Dear Carolyn: I recently had occasion to drop off a package at my granddaughter’s afternoon preschool. Believing I was doing my daughter-in-law (DIL) a favor, I timed my drive to stop at my son and DIL’s house to pick up my granddaughter and save my DIL the trip to the school. Admittedly, I stopped unannounced, but we have a good relationship and often visit each other’s houses unannounced.
Upon arriving at my DIL’s house, I knocked repeatedly on the front door but nobody answered. My DIL’s car was parked at the house. I even took the time to look in the backyard to see if they were outside. After trying a second time at the front door, I left.
Sure enough, after 10 minutes, my DIL showed up at the school with my granddaughter in tow. I approached my DIL and said that I was just at her house but that nobody was apparently home. She acknowledged that she was there and saw me at the door, but simply blew it off saying she was running late for school. I then said to her that I had knocked on the door several times with no answer. Again, she responded only that she was running late and chose not to answer the door. She offered no apology for her actions. I was stunned and deeply hurt.

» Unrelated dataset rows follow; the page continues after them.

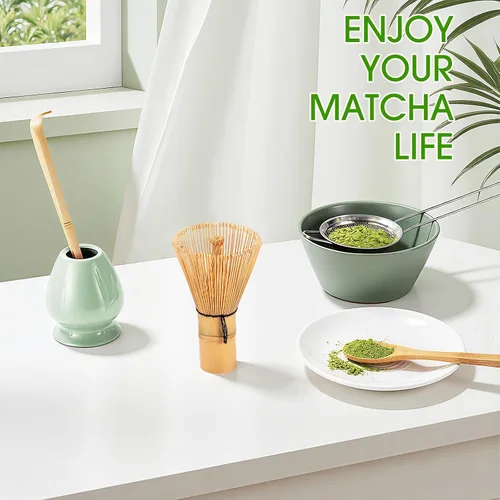 Vista 6 de Juego de 5 batidores de matcha, kit de batidores de matcha de bambú con soporte verde, accesorios de ceremonia de matcha japonesa, cuchara, batidor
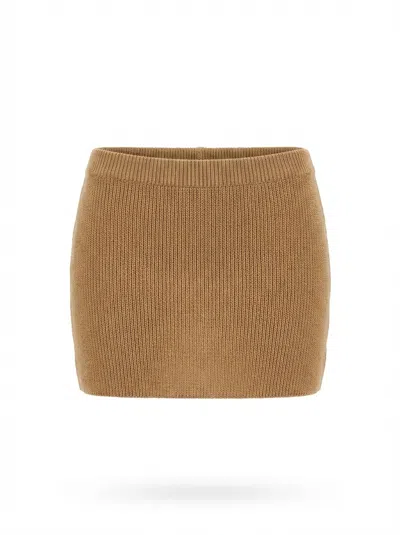 Aya Muse Agos Knitted Miniskirt In Brown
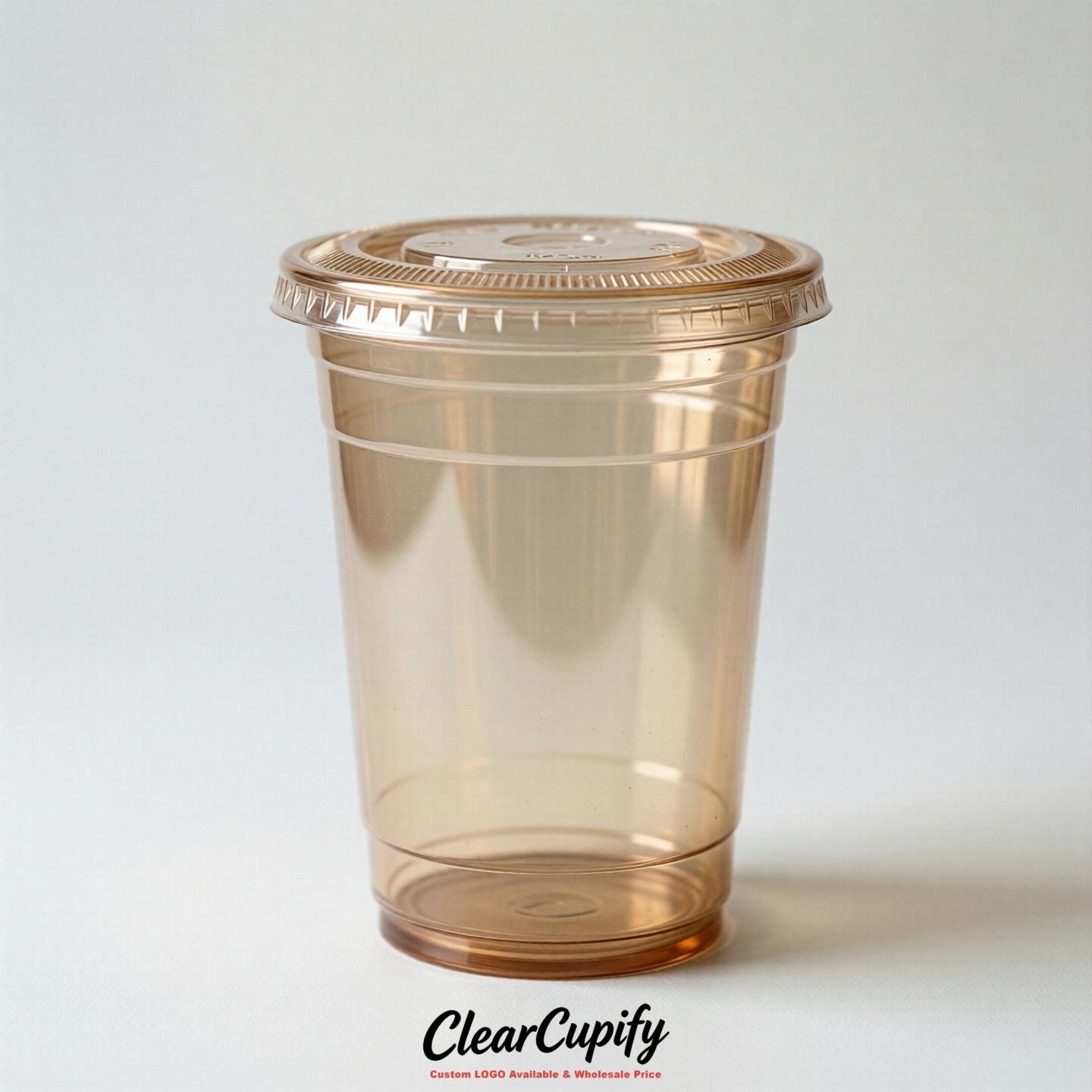 Blank Translucent Latte Clear Plastic Cups with Lids - Choice of PET/PP/PLA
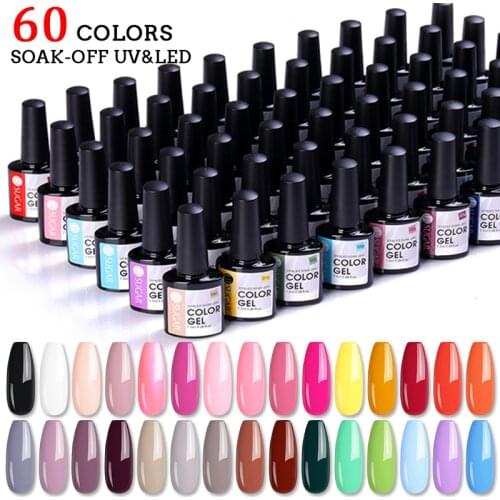 UR SUGAR 60pcs Color Gel Nail Polish Set Kit Soak Off Nail Lacquers Semi Permanent UV Led Gel Varnish Set For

I can’t help but harbor ill will toward her and dread the day I am invited back into their home. Should I forget the whole incident knowing I was wronged and take the higher road, or should I expose her for her poor behavior? I have kept this whole incident to myself so far, not even confiding in my wife or son.
A: Wrong, you mean – not wronged. You’re two letters over the line. OK, you have a drop-in-unannounced type of relationship with your son and daughter-in-law. That’s great. It’s also good of you to have tried to make your DIL’s life easier by timing your trip the way you did. In general, small favors such as offering a lift to preschool are rescues in miniature for parents of young kids. But the good intentions of your stopping by don’t outweigh the missteps you made when you got there. For one, being on a drop-in basis with someone doesn’t mean every drop-in will be welcome; being casual on your side of the door means she can be casual on her side, too.
Plus, you popped by apparently as DIL was in full scramble mode to get her child to school on time. She had every right not to answer the door, just as people have every right not to pick up the phone when they know they’re unable to talk. Had she been in the shower, or changing her clothes, or on the phone, or in tears over something or other she didn’t care to explain, would you still begrudge her ignoring your knock?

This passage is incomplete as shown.